- _Work to be completed_
Copy out again, unchanged, the listing below from the line that has "Strathdale VIC 3550" through the line that has "brodan100105 positioning heatmap on Anubis".

- _Data records_

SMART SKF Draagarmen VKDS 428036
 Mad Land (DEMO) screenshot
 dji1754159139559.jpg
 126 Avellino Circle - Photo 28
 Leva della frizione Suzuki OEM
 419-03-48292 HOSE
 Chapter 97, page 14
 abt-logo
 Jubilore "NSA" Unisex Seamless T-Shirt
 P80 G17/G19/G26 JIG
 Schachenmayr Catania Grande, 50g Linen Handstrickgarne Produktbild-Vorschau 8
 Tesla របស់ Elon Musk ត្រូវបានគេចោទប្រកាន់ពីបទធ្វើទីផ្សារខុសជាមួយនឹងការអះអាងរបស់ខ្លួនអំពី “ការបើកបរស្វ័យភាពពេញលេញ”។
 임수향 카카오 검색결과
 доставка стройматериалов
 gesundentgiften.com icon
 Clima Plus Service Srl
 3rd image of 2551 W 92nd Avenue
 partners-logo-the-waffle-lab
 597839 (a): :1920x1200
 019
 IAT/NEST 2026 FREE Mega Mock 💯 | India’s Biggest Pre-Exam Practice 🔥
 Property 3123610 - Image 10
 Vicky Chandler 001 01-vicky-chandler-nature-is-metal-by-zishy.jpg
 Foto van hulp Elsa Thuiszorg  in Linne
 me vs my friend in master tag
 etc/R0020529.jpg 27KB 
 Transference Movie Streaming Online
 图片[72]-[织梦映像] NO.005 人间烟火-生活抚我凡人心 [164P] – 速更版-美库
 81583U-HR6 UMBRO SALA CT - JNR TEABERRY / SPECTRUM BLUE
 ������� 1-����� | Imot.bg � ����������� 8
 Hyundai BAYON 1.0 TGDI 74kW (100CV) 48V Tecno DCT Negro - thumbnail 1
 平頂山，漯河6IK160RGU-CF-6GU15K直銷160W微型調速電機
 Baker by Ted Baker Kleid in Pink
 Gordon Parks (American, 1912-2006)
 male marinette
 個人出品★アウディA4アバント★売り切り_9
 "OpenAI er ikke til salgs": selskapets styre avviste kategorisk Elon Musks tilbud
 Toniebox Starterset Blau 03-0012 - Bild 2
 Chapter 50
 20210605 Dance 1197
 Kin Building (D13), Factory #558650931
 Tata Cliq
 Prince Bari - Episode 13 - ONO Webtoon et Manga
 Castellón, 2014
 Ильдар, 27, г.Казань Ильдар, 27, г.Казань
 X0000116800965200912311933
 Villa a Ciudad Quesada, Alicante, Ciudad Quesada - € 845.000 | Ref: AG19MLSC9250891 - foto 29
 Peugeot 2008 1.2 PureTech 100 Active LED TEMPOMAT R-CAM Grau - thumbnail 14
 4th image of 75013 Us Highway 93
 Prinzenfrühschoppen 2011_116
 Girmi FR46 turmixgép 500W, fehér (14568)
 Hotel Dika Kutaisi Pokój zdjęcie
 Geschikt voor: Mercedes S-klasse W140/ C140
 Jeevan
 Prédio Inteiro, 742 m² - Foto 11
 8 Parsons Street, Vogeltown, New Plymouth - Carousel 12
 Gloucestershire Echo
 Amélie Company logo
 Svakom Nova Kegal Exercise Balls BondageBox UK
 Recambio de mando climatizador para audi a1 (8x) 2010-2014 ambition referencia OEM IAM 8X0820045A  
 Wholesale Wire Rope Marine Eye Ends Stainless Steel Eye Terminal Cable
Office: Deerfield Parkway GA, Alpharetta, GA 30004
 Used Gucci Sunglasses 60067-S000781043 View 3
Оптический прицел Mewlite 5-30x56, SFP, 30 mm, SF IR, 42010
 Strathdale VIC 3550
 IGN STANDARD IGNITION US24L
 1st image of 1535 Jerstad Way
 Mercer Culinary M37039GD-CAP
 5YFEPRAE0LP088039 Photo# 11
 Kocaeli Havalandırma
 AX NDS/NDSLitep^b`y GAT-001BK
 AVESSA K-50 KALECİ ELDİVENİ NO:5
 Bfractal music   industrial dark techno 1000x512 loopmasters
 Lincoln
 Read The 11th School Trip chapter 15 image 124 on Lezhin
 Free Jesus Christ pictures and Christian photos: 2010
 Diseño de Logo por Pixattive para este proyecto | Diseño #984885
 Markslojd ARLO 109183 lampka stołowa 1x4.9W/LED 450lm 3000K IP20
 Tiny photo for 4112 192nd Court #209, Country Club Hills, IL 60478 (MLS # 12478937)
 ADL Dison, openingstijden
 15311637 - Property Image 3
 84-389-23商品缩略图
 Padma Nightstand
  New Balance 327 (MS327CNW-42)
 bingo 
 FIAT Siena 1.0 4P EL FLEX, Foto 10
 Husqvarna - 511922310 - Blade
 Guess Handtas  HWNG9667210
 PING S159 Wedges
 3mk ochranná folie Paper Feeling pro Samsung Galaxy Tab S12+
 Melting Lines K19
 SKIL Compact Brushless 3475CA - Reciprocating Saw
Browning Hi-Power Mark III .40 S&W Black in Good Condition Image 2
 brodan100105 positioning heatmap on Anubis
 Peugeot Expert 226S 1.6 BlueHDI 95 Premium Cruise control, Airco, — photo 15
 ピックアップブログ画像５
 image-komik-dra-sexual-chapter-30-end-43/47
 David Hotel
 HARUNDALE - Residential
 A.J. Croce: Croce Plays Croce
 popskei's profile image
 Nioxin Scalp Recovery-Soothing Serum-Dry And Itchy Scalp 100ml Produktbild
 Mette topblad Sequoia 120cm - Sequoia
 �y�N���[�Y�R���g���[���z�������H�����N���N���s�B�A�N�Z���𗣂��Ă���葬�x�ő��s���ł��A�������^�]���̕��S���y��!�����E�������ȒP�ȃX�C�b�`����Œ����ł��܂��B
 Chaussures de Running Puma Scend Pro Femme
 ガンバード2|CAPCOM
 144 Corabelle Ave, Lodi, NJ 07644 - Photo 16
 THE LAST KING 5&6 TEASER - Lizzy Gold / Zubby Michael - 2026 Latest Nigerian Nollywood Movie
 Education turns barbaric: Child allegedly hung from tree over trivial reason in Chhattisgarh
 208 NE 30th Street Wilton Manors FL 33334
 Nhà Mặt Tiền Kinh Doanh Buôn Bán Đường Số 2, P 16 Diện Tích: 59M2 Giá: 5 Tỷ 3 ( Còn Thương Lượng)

- _Solution below_
 Strathdale VIC 3550
 IGN STANDARD IGNITION US24L
 1st image of 1535 Jerstad Way
 Mercer Culinary M37039GD-CAP
 5YFEPRAE0LP088039 Photo# 11
 Kocaeli Havalandırma
 AX NDS/NDSLitep^b`y GAT-001BK
 AVESSA K-50 KALECİ ELDİVENİ NO:5
 Bfractal music   industrial dark techno 1000x512 loopmasters
 Lincoln
 Read The 11th School Trip chapter 15 image 124 on Lezhin
 Free Jesus Christ pictures and Christian photos: 2010
 Diseño de Logo por Pixattive para este proyecto | Diseño #984885
 Markslojd ARLO 109183 lampka stołowa 1x4.9W/LED 450lm 3000K IP20
 Tiny photo for 4112 192nd Court #209, Country Club Hills, IL 60478 (MLS # 12478937)
 ADL Dison, openingstijden
 15311637 - Property Image 3
 84-389-23商品缩略图
 Padma Nightstand
  New Balance 327 (MS327CNW-42)
 bingo 
 FIAT Siena 1.0 4P EL FLEX, Foto 10
 Husqvarna - 511922310 - Blade
 Guess Handtas  HWNG9667210
 PING S159 Wedges
 3mk ochranná folie Paper Feeling pro Samsung Galaxy Tab S12+
 Melting Lines K19
 SKIL Compact Brushless 3475CA - Reciprocating Saw
Browning Hi-Power Mark III .40 S&W Black in Good Condition Image 2
 brodan100105 positioning heatmap on Anubis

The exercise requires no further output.